## Exercise requirements
Would you please set down, word for word, the lines from the one with "1 Bedroom Flat Share" through the final line of the data below, omitting any pictures?

## Data shown

• • •

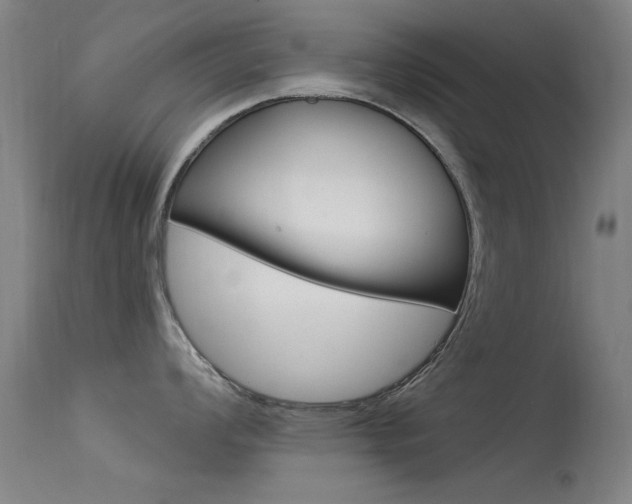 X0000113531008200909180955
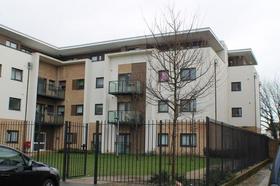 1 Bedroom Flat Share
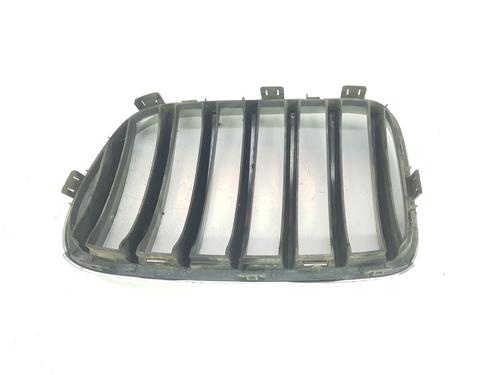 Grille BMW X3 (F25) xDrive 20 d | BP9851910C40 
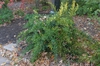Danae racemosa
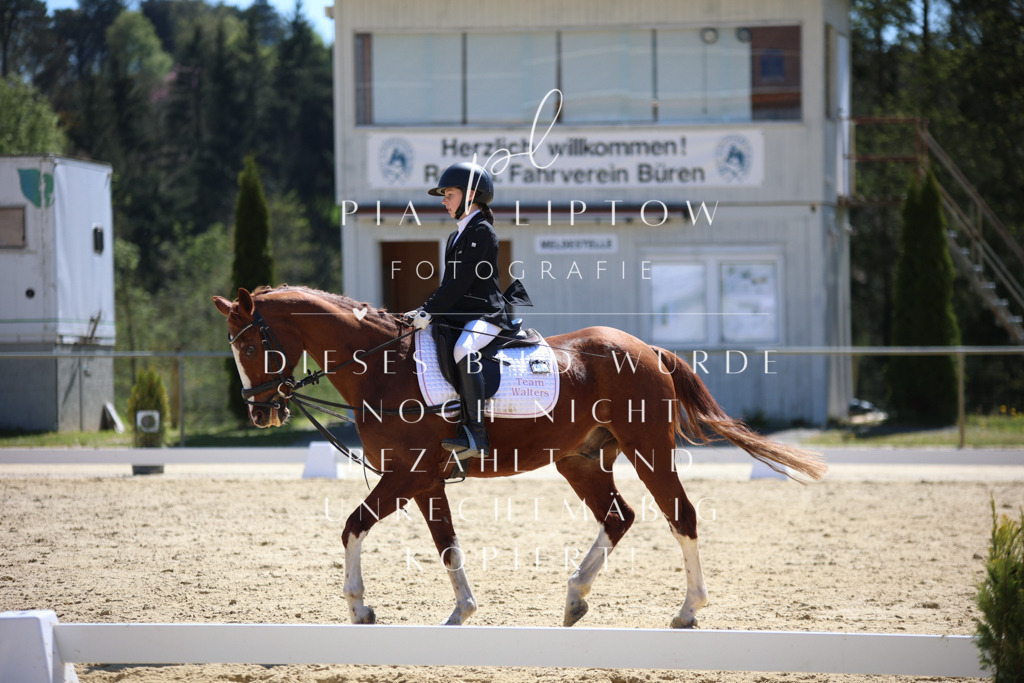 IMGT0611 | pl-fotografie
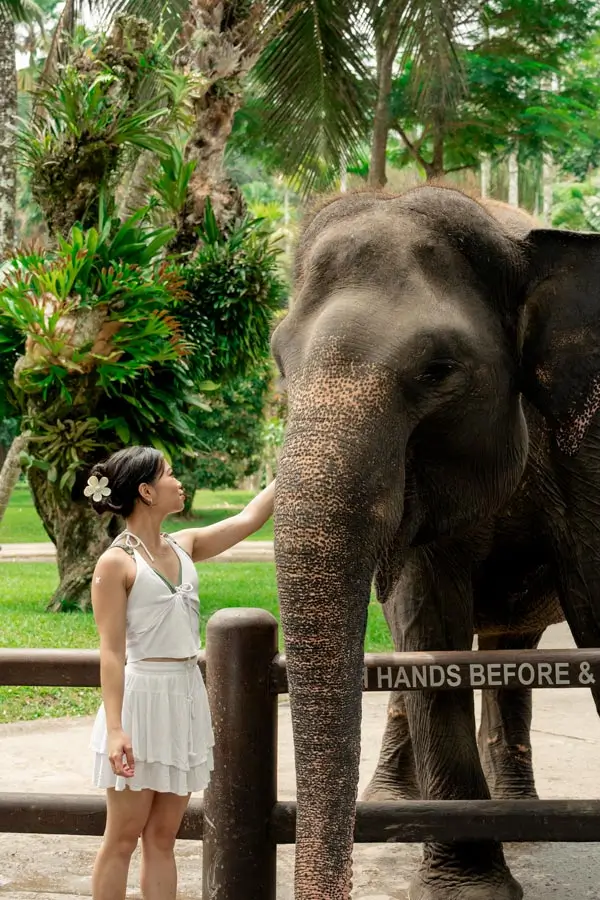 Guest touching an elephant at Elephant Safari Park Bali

• • •

## Output
 1 Bedroom Flat Share
 Grille BMW X3 (F25) xDrive 20 d | BP9851910C40 
Danae racemosa
 IMGT0611 | pl-fotografie
 Guest touching an elephant at Elephant Safari Park Bali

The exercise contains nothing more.